La respuesta a la primera afirmación es que el lamento no llega después de los hechos: muchos economistas advirtieron desde el principio de que la propuesta gubernamental era tremendamente inadecuada. Por ejemplo, el día posterior a la aprobación del estímulo, Joseph Stiglitz, de Columbia, declaró:

Creo que entre los economistas hay un consenso amplio, aunque no universal, sobre la idea de que el conjunto de medidas de estímulo que se ha aprobado tiene errores de concepción y es insuficiente. Sé que no es universal, pero déjenme que intente explicarlo. En primer lugar, que es insuficiente debería resultar obvio por lo que acabo de decir: como intento de compensar la deficiencia en la demanda agregada, simplemente, se queda corto.

Personalmente, en cuanto el plan del gobierno comenzó a quedar delineado, también me opuse en declaraciones públicas de diversa intensidad. Escribí:

Poco a poco, vamos recibiendo información sobre el plan de estímulo de Obama, suficiente para empezar a hacer cálculos preliminares sobre el impacto que tendrá. En resumidas cuentas: probablemente, se trata de un plan que, durante los próximos dos años, restará a la tasa de desempleo medio menos de dos puntos porcentuales; y quizá mucho menos.

Y, tras repasar las matemáticas, concluí con la cita que ha iniciado este capítulo, en la que temía que un estímulo adecuado, por un lado, no lograría producir la recuperación que necesitábamos y, además, socavaría la posibilidad de seguir actuando desde la política.

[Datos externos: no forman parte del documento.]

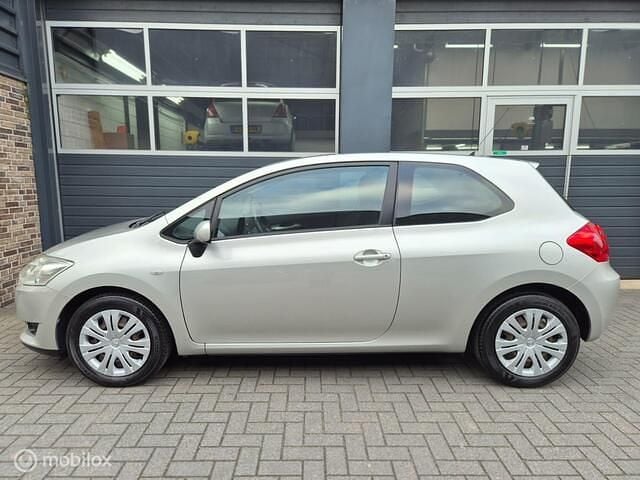 Grijs Gebruikt 2007 Toyota Auris Luna Hatchback | € 5.950 (Eerlijke prijs) - Afbeelding 1/3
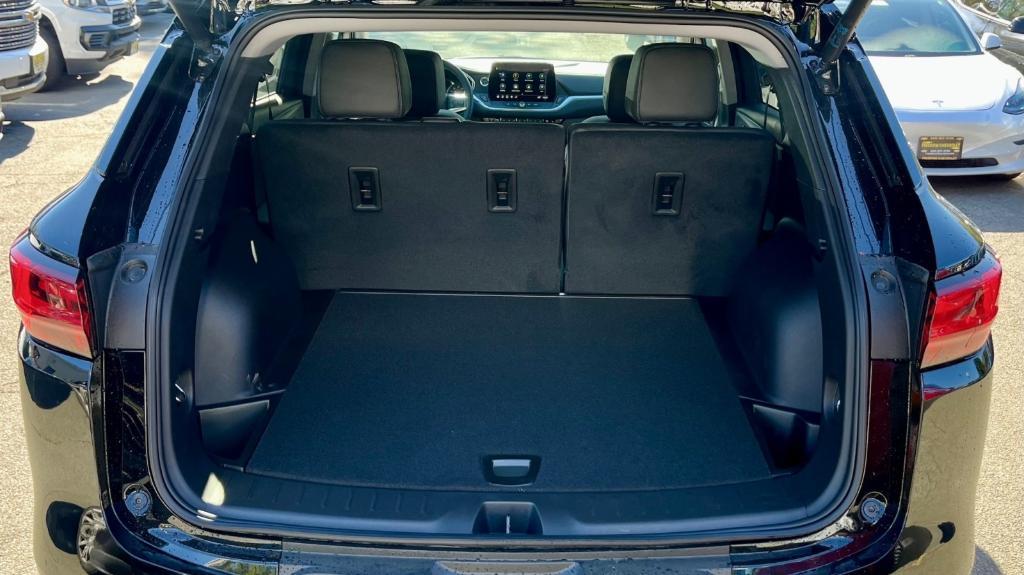 used 2025 Chevrolet Blazer car, priced at $37,995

Por desgracia, ni Stiglitz ni yo errábamos en nuestros temores. El desempleo llegó a niveles aún más elevados de lo que yo esperaba, hasta superar el 10 por 100; pero, en su forma básica, tanto el resultado económico como sus implicaciones políticas fueron exactamente lo que yo temía. Y, como el lector puede ver con claridad, estábamos advirtiendo sobre la inadecuación del estímulo desde el mismo principio; no excusándonos a posteriori.

¿Qué decir sobre la vasta expansión del gobierno que, supuestamente, se ha vivido con Obama? Bien, el gasto federal, como porcentaje del PIB, ha crecido, en efecto: ha pasado del 19,7 por 100 del PIB en el año fiscal de 2007 al 24,1 por 100 en el año fiscal de 2011. (El año fiscal empieza el 1 de octubre del año previo en el calendario.)

El gasto creció más rápido que de costumbre, en efecto, pero toda la diferencia se debió a una ampliación de los programas de asistencia, en respuesta a la emergencia económica.

Fuente: Oficina Presupuestaria del Congreso

Pero este ascenso no significa lo que mucha gente cree que significa. ¿Por qué no?

En primer lugar, hay una razón que explica que el porcentaje de gasto con respecto al PIB sea alto: que el PIB es bajo. Si nos basamos en las tendencias anteriores, la economía estadounidense debería haber crecido cerca del 9 por 100 en los cuatro años que fueron de 2007 a 2011. Ahora bien, de hecho, apenas creció: al pronunciado descenso de 2007 a 2009 le siguió una recuperación débil que, en 2011, solo había conseguido recuperar el terreno perdido. Así pues, incluso un crecimiento normal en el gasto federal habría supuesto un fuerte incremento en el gasto, si se mide como porcentaje del PIB.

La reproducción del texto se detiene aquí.